170 This Fair White Rose

 In 1461 the Queen failed to seize London,and retreated to the north. Warwick and Edward walked through London's empty gates and then chased north for the largest, and bloodiest battle of English soil. 

170 This Fair White Rose


The Towton Campaign, 1461 

Towton Campaign IVAfter the victory at St Albans over Warwick, the queen lost her nerve, and failed to seize London. As Edward and Warwick met in the Costwolds, her opportunity vanished, and her army retreated north to York. Edward and Warwick marched their newly revived army and fortunes into London, to be greeted by enthusiastic crowds. Edward was acclaimed king in Westminster Hall. 

The Yorkists left in groups; Norfolk left to raise an army in East Anglia; then Warwick on 7th March 1461, to sweep by the West Midlands to raise his tenants as he went. Next Fauconberg with the footsoldiers and last Edward on 13th March. By the time they reached the castle at Pontefract they were re-united, except for Norfolk, who was a  day behind. 

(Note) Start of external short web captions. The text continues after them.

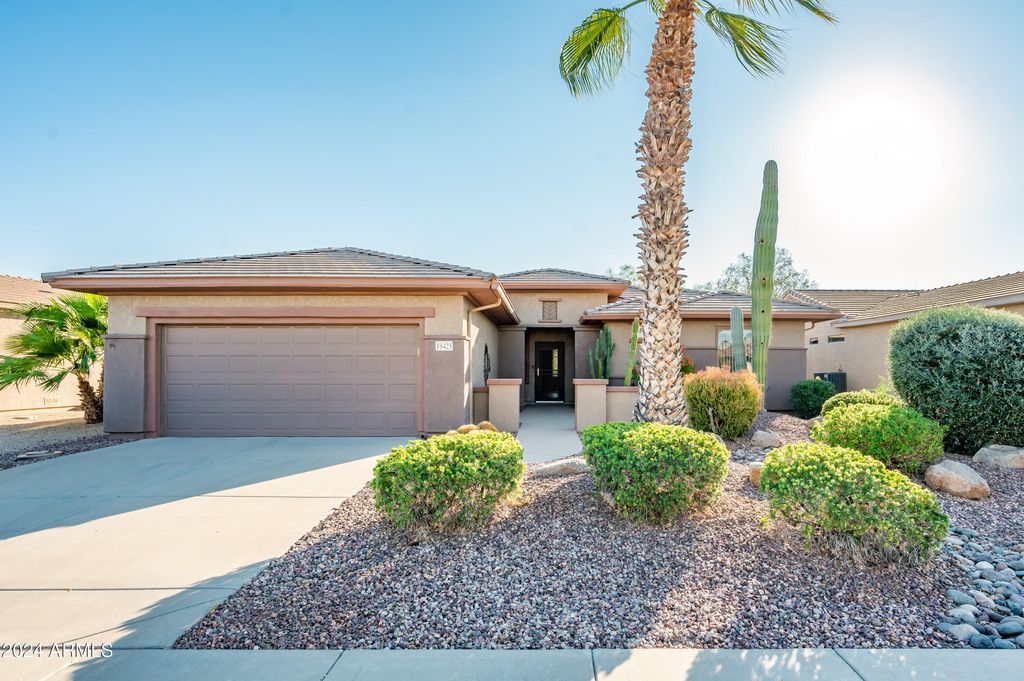 Photo of 19425 N Guardian Lane, Surprise, AZ 85387 (MLS # 6935396)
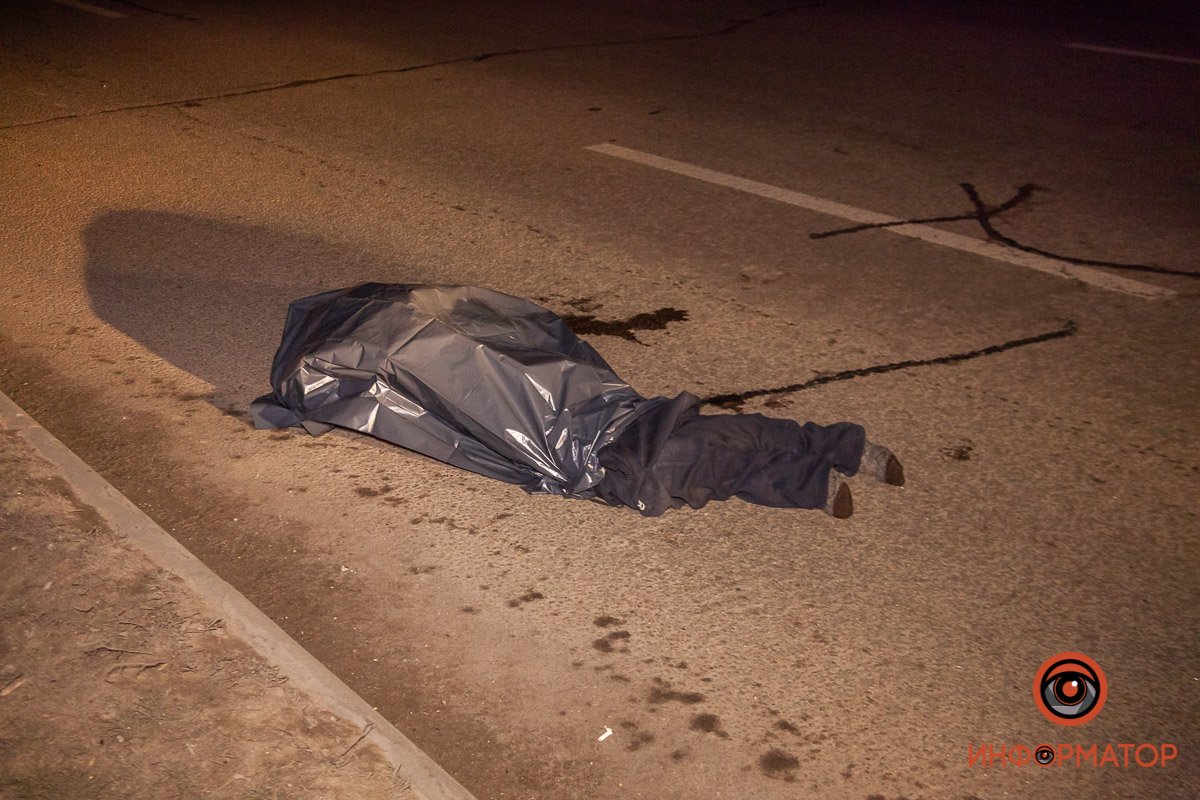 В Днепре возле заправки SKY ЗАЗ насмерть сбил двоих мужчин 1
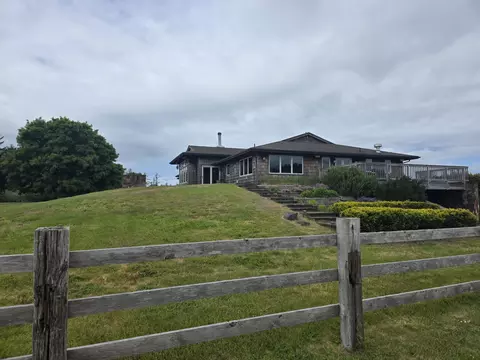 91146 Pioneer Farm Rd, Warrenton, OR 97146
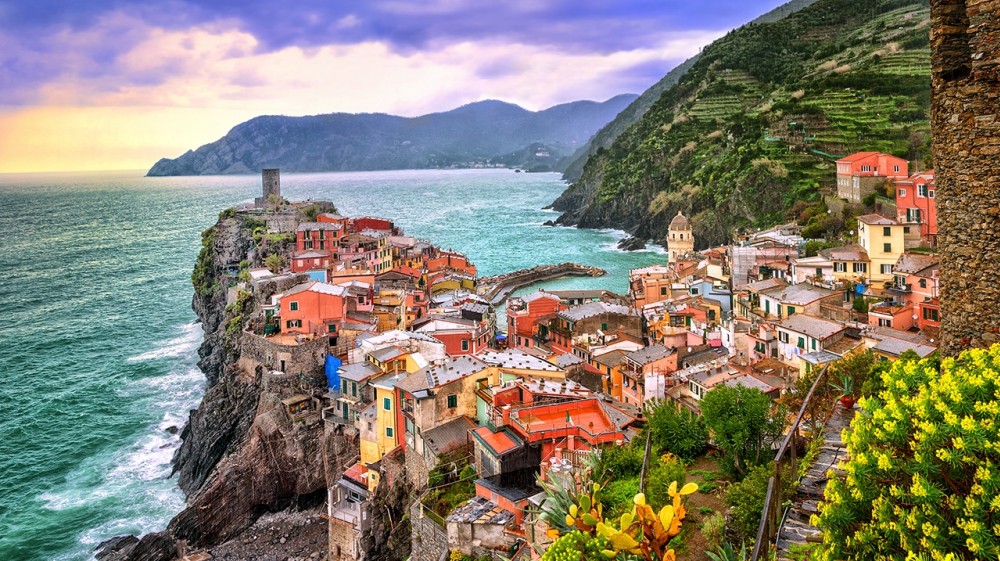 cinque terre hiking a must take hiking trail in italy bookmundi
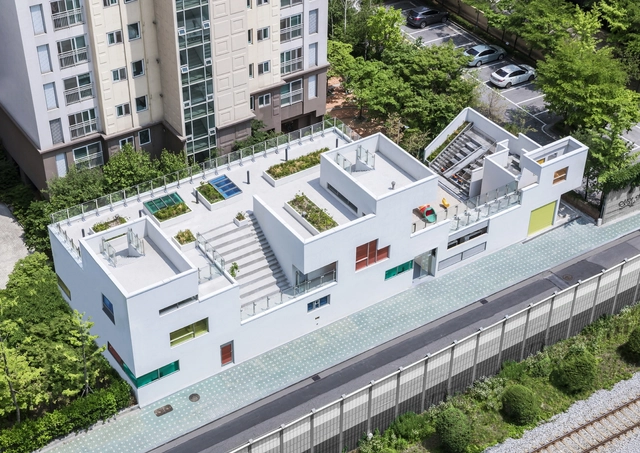 Jardim de Infância Tetris / IROJE KHM Architects - Jardim De Infância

The Yorkists had to cross the River Aire at Ferrybridge, but were attacked by Clifford and his troop of 500, the 'Flower of Craven', reivers from the borders. Fauconberg outflanked Clifford by crossing upstream at Castleford, catching and slaughtering Clifford and his men just a few miles from Somerset and his main Lancastrian army. Edmund of Rutland had been avenged.  Towton Campaign V

 Now that the river crossing had been forced, Edward was able to march up onto the way to York, where near Towton he came face t face with Somerset and the Lancastrians, while Margaret and the king waited anxiously in York 

 It was Palm Sunday – 29th March 1461. 


The Battle of Towton, 29th May 1461

TowtonFamously, Towton was the biggest and bloodiest battle fought on British soil. And it was a long, hard fought slog. During the fight, Mowbray, Duke of Norfolk arrived with his 5,000 men to attack the Lancastrian flank – even that did not turn the tide. But eventually the Lancastrians broke and fled, to be slaughtered in their thousands. Margaret and Henry fled York just ahead of the victorious new king – Edward IVth. 

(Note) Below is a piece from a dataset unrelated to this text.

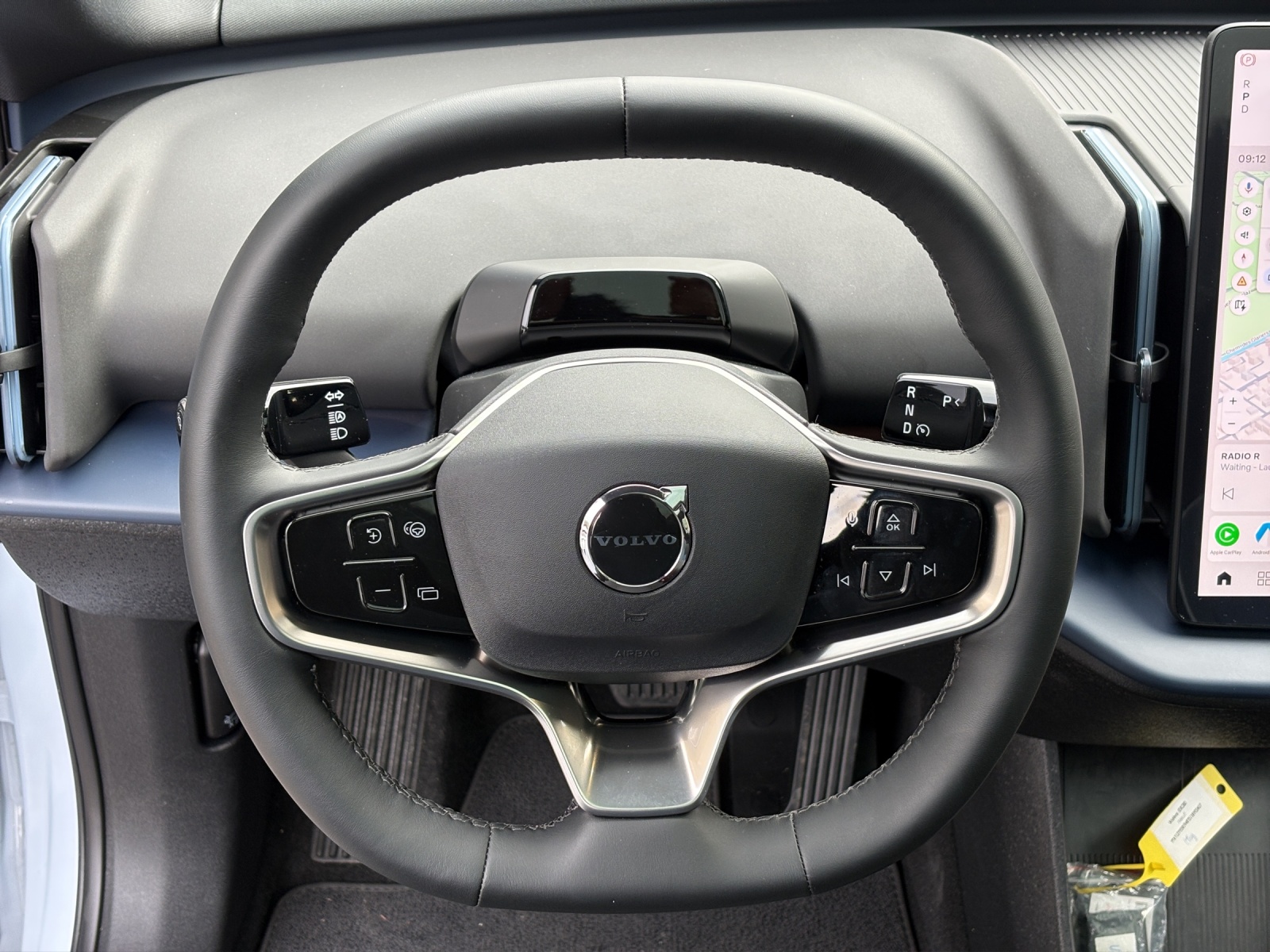 VOLVO EX30 Cross Country E60 69kWh Twin Performance AWD-image-9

You can find out more at the Towton Battlefield Society; including a complete list of all the nobility we know were there!

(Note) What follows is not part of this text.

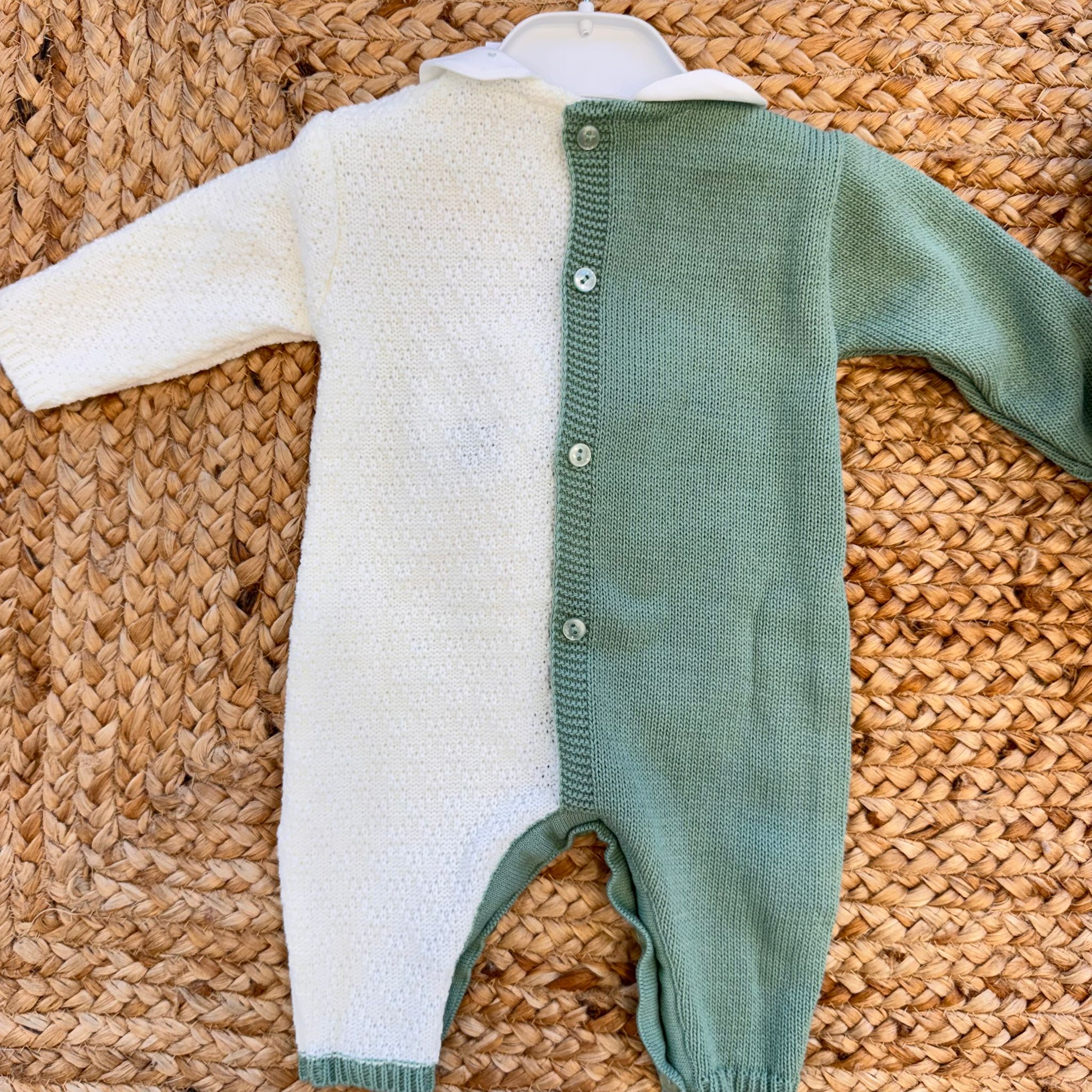retro tutina neonata verde e panna in misto lana con bottoni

5 thoughts on “170 This Fair White Rose

  1. We walked this battlefield last winter. What very few maps show is just how steep the drop is down towards the Cock Beck on the Lancastrian’s right flank. It is nearly perpendicular, and once they started to break in that direction following the advent of Norfolk’s fresh force on their left, there’d have been no stopping them and no chance of avoiding the rout or slaughter.